** What to do **
Retype each entry exactly. Skip any pictures.

[[ Dataset entries open ]]

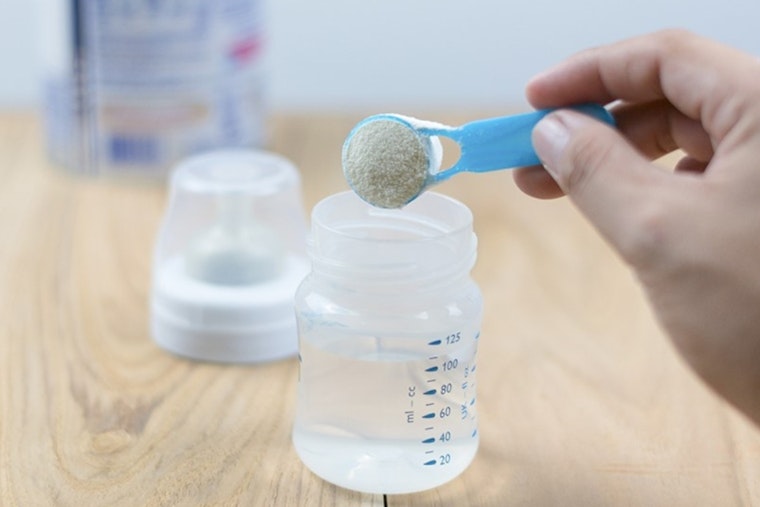 Tampa Tots Rushed To ER After Parents ‘Stretch’ Baby Formula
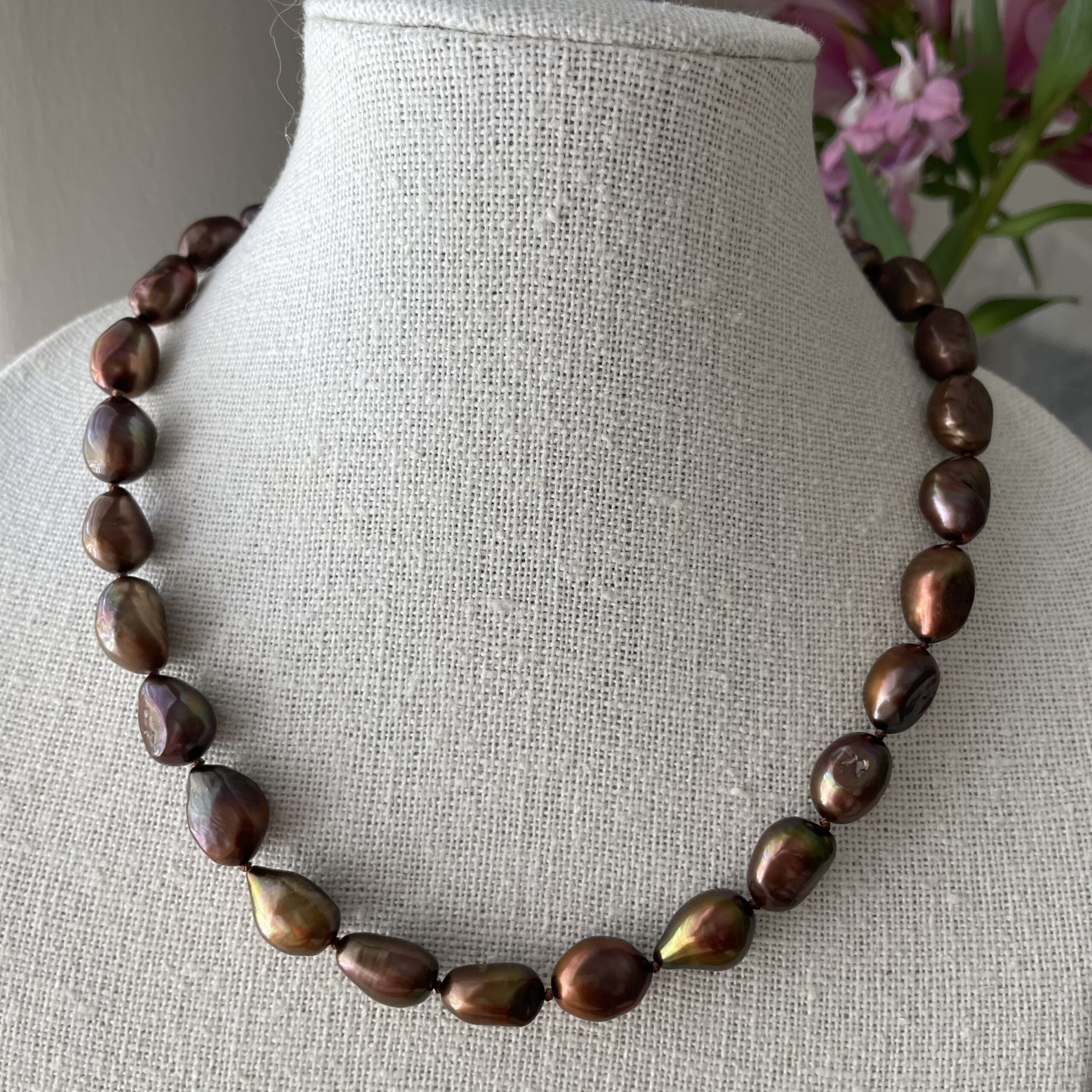 Chocolate Baroque pearl necklace - Image 4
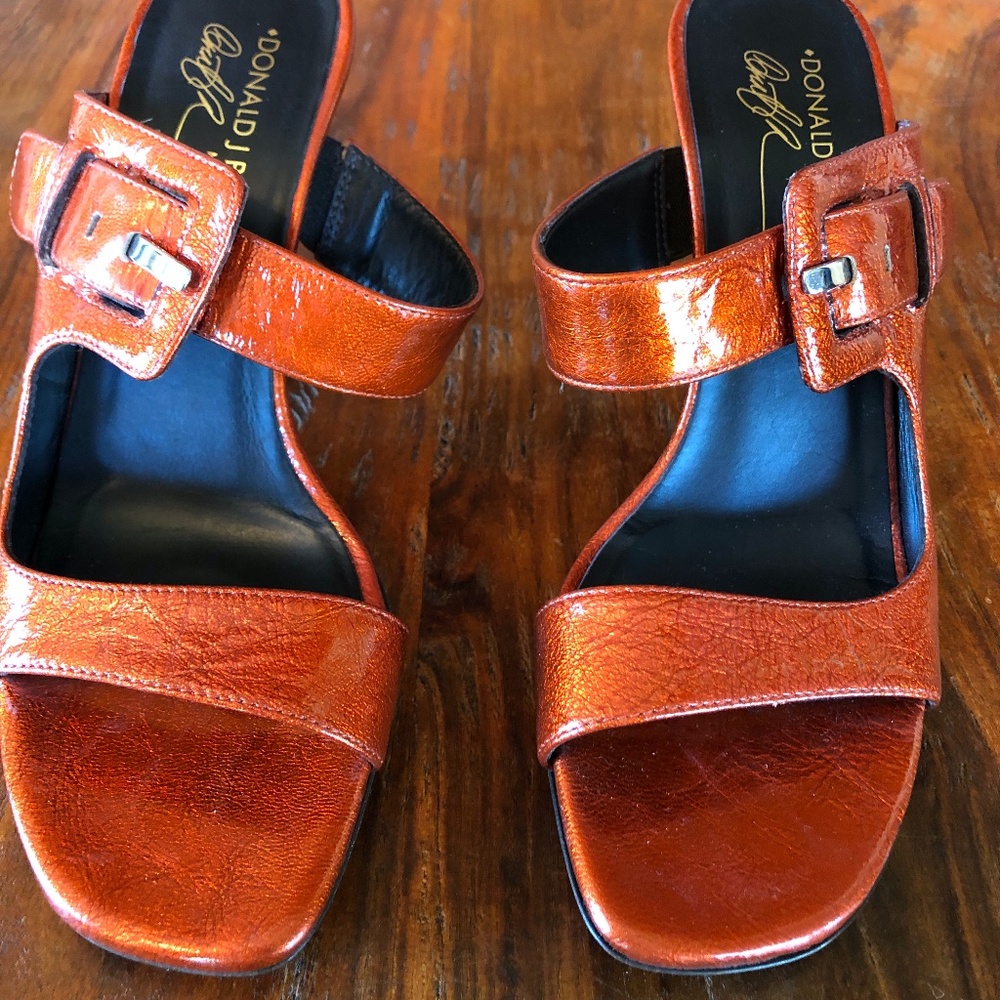 Donald J Pliner Orange Metallic Patent Sandals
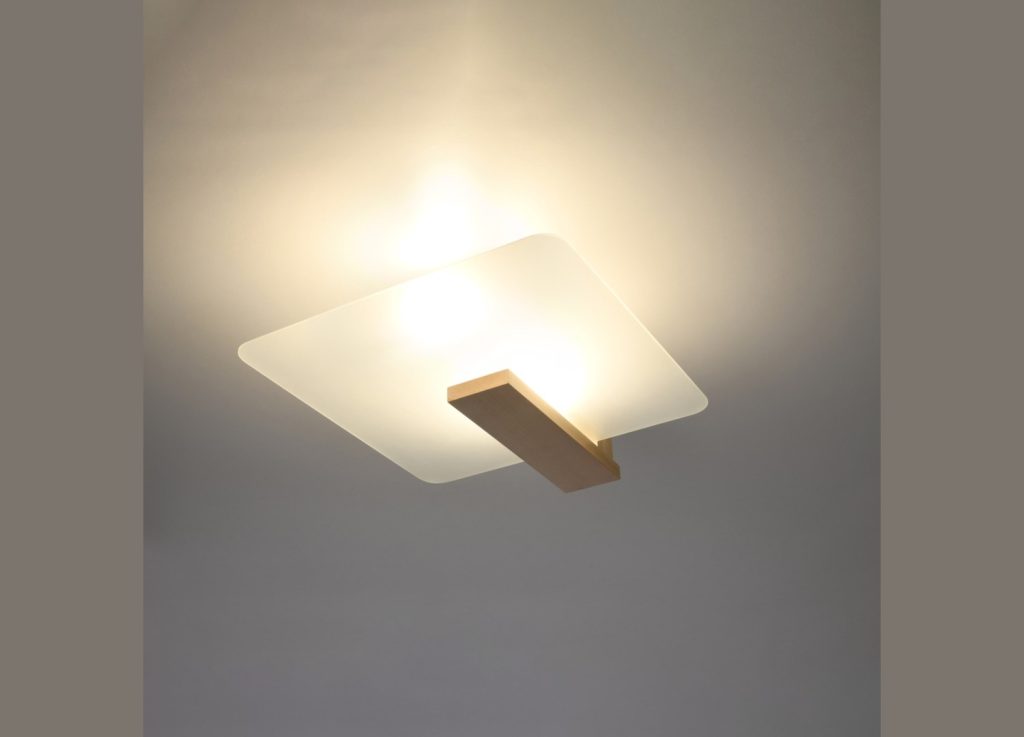 Plafonnier LAPPO en bois naturel et verre – vue complémentaire 3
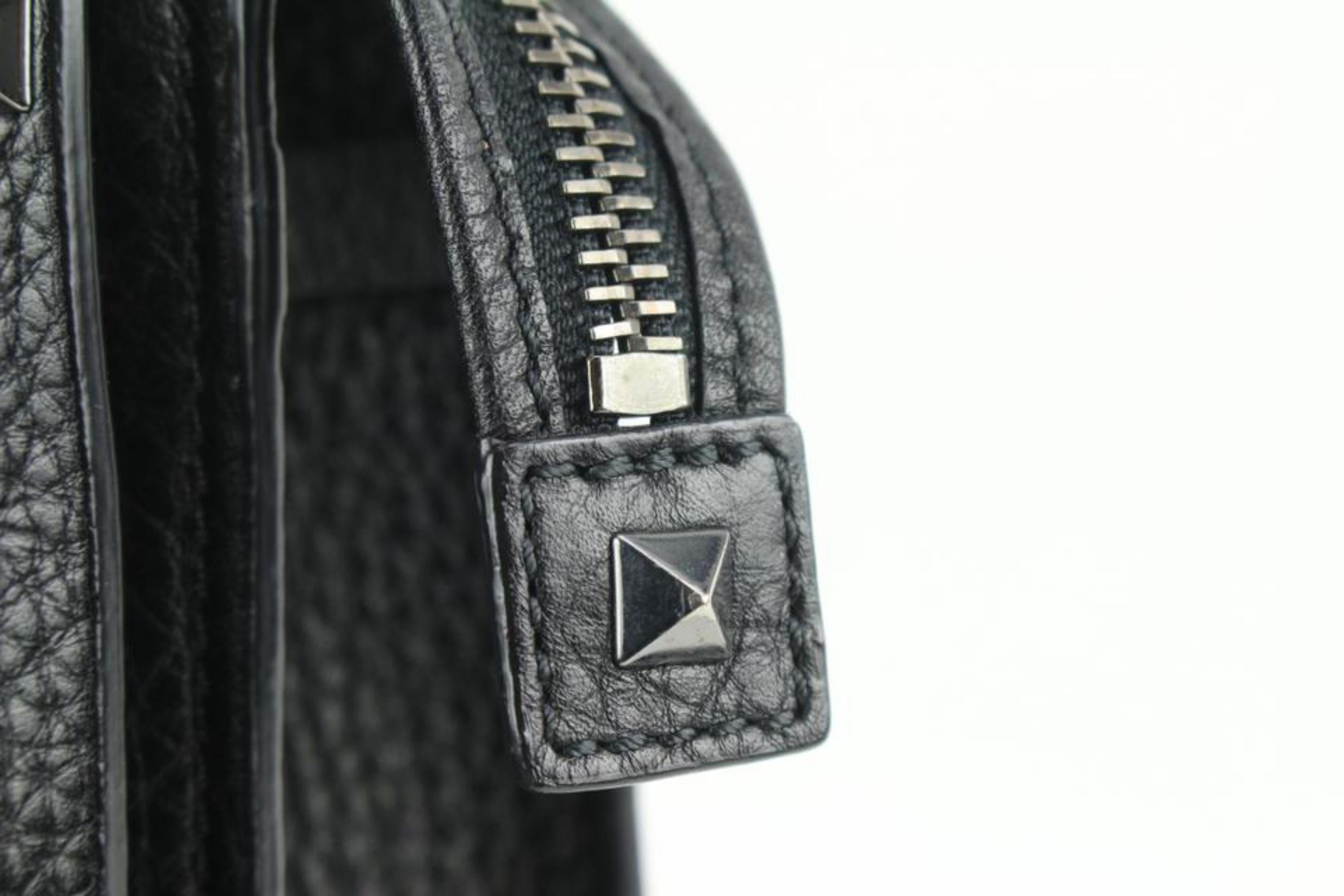 Valentino Black Leather Rockstud Panel Clutch Handle Bag 111va17 For Sale 8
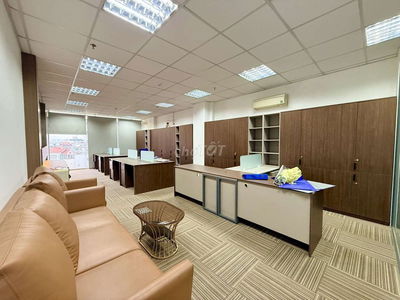 Mặt tiền Cộng Hòa Tân Bình 9 tầng 22 phòng DT 4,6mx40m giá 50 tỷ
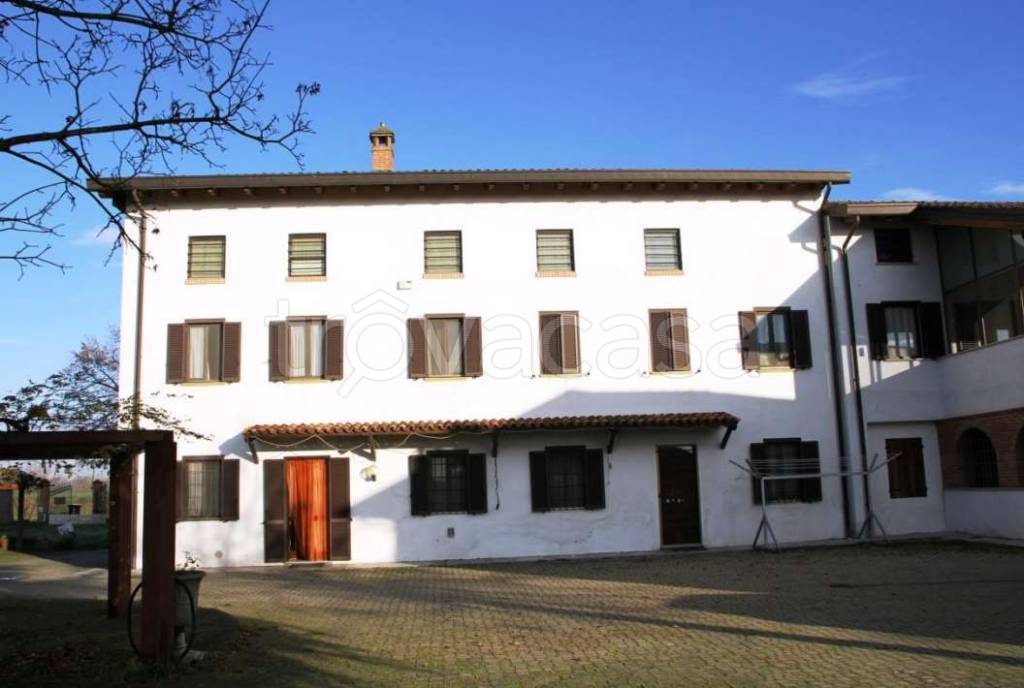 casa indipendente in vendita a Casale Monferrato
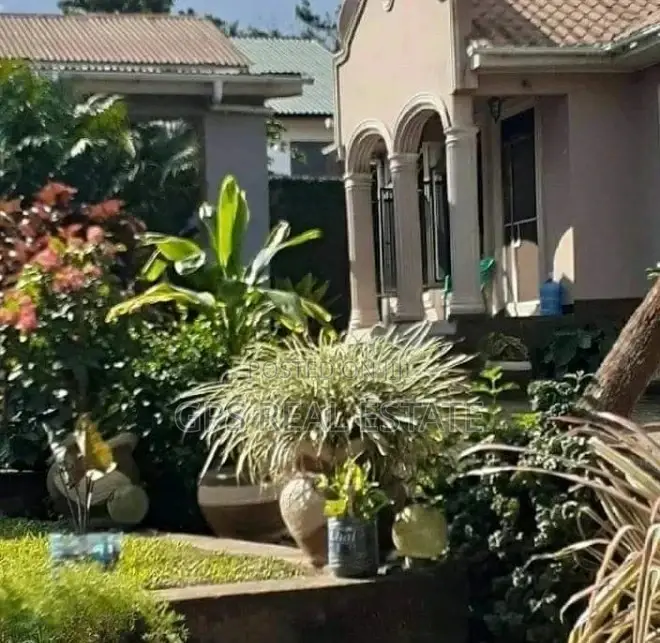5bdrm House in Max Evarst, Kinondoni for Rent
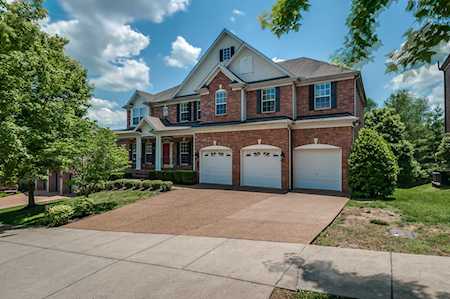 1206 Broadmoor Cir Franklin, TN 37067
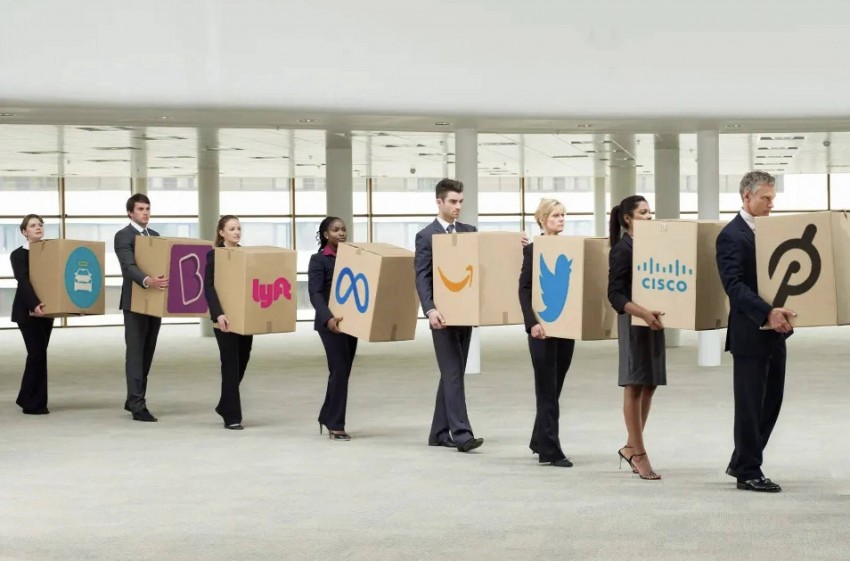 Khi AI định hình tương lai, nhân sự cũ buộc phải rút lui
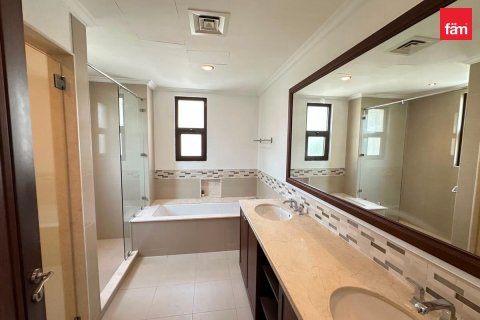 Villa à Dubai, 4 chambres, 405 m², № 123472 - photo 13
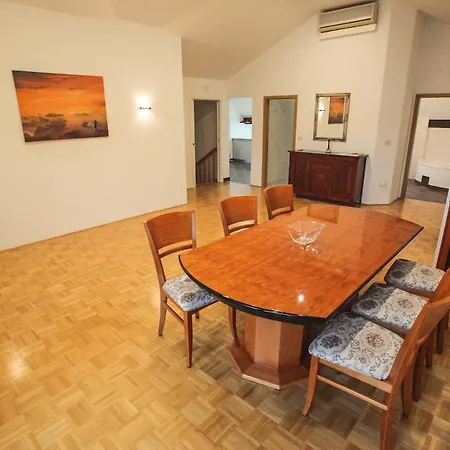 アパート Spacious Apartment, Terrace, Gg *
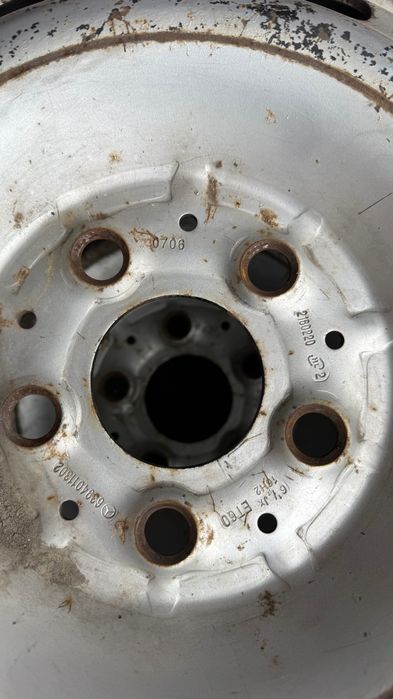 Продам диски колісні на мерседес авто
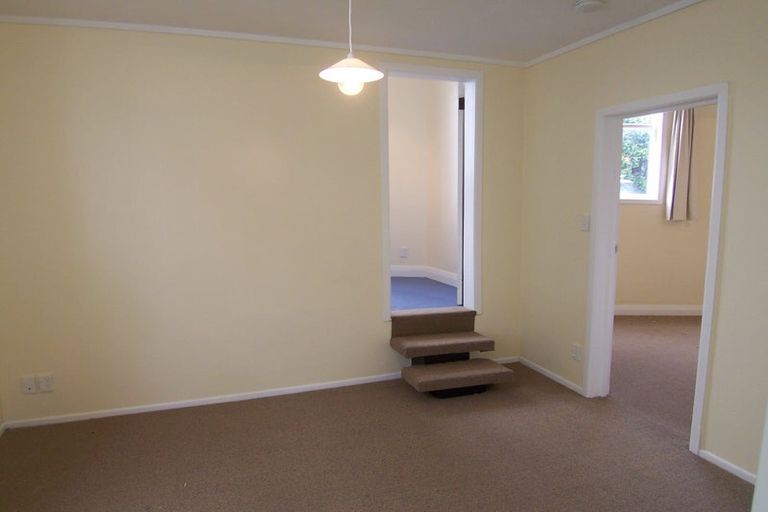 Photo of property in 140 Tasman Street, Mount Cook, Wellington, 6021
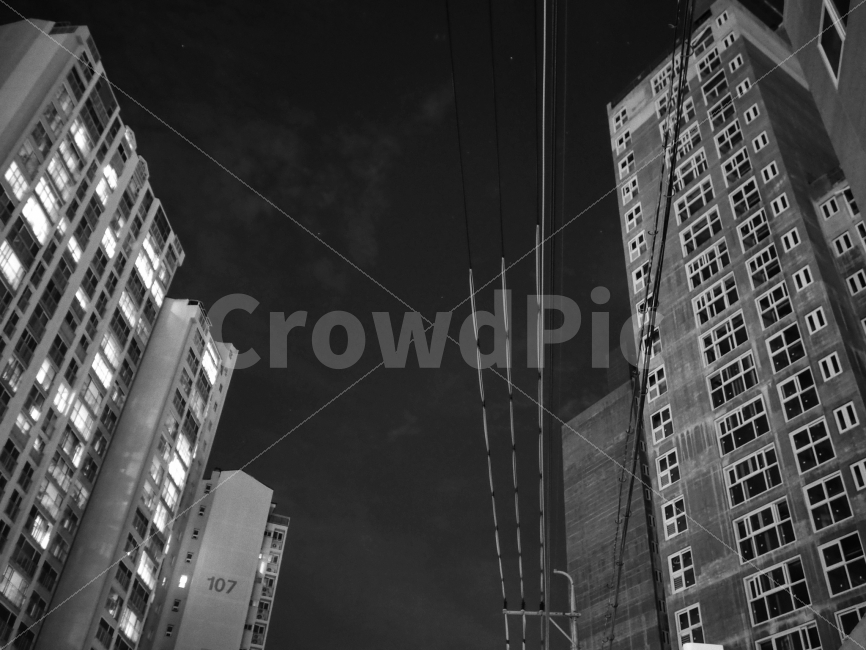 집,아파트,대조,도시,흑백,도시,풍경,city,landscape,야경,밤,nightscape,night,흑백,모노톤,monochrome,black and white,office building,사무실 건물,building,건물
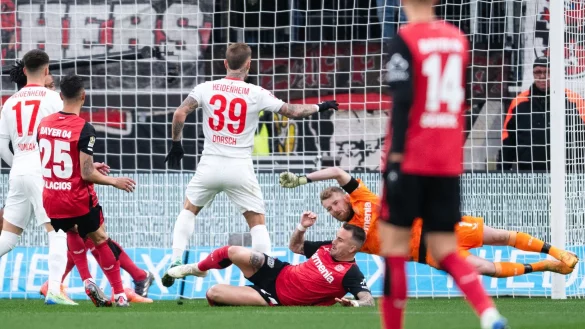 Wieder ein Gegentor f&uuml;r Leverkusen. - &copy; Marius Becker/dpa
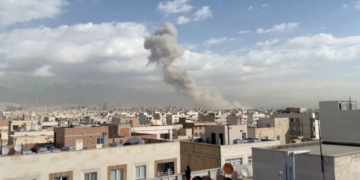 “Не хотят умирать за аятолл”: эксперт раскрыл, почему богатая элита Ирана сдает своих лидеров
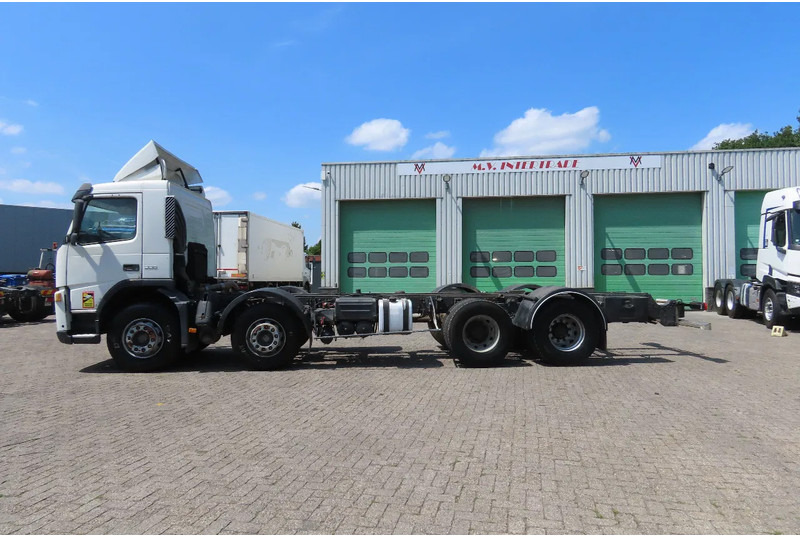 Volvo FM 12.380 8x4 FULL SPRING. 100% condition! - Cab chassis truck: picture 2 Volvo FM 12.380 8x4 FULL SPRING. 100% condition! - Cab chassis truck: picture 2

[[ Dataset entries closed ]]

** Solution for this exercise **
 Tampa Tots Rushed To ER After Parents ‘Stretch’ Baby Formula
 Chocolate Baroque pearl necklace - Image 4
 Donald J Pliner Orange Metallic Patent Sandals
 Plafonnier LAPPO en bois naturel et verre – vue complémentaire 3
 Valentino Black Leather Rockstud Panel Clutch Handle Bag 111va17 For Sale 8
 Mặt tiền Cộng Hòa Tân Bình 9 tầng 22 phòng DT 4,6mx40m giá 50 tỷ
 casa indipendente in vendita a Casale Monferrato
5bdrm House in Max Evarst, Kinondoni for Rent
 1206 Broadmoor Cir Franklin, TN 37067
 Khi AI định hình tương lai, nhân sự cũ buộc phải rút lui
 Villa à Dubai, 4 chambres, 405 m², № 123472 - photo 13
 アパート Spacious Apartment, Terrace, Gg *
 Продам диски колісні на мерседес авто
 Photo of property in 140 Tasman Street, Mount Cook, Wellington, 6021
 집,아파트,대조,도시,흑백,도시,풍경,city,landscape,야경,밤,nightscape,night,흑백,모노톤,monochrome,black and white,office building,사무실 건물,building,건물
 Wieder ein Gegentor f&uuml;r Leverkusen. - &copy; Marius Becker/dpa
 “Не хотят умирать за аятолл”: эксперт раскрыл, почему богатая элита Ирана сдает своих лидеров
 Volvo FM 12.380 8x4 FULL SPRING. 100% condition! - Cab chassis truck: picture 2 Volvo FM 12.380 8x4 FULL SPRING. 100% condition! - Cab chassis truck: picture 2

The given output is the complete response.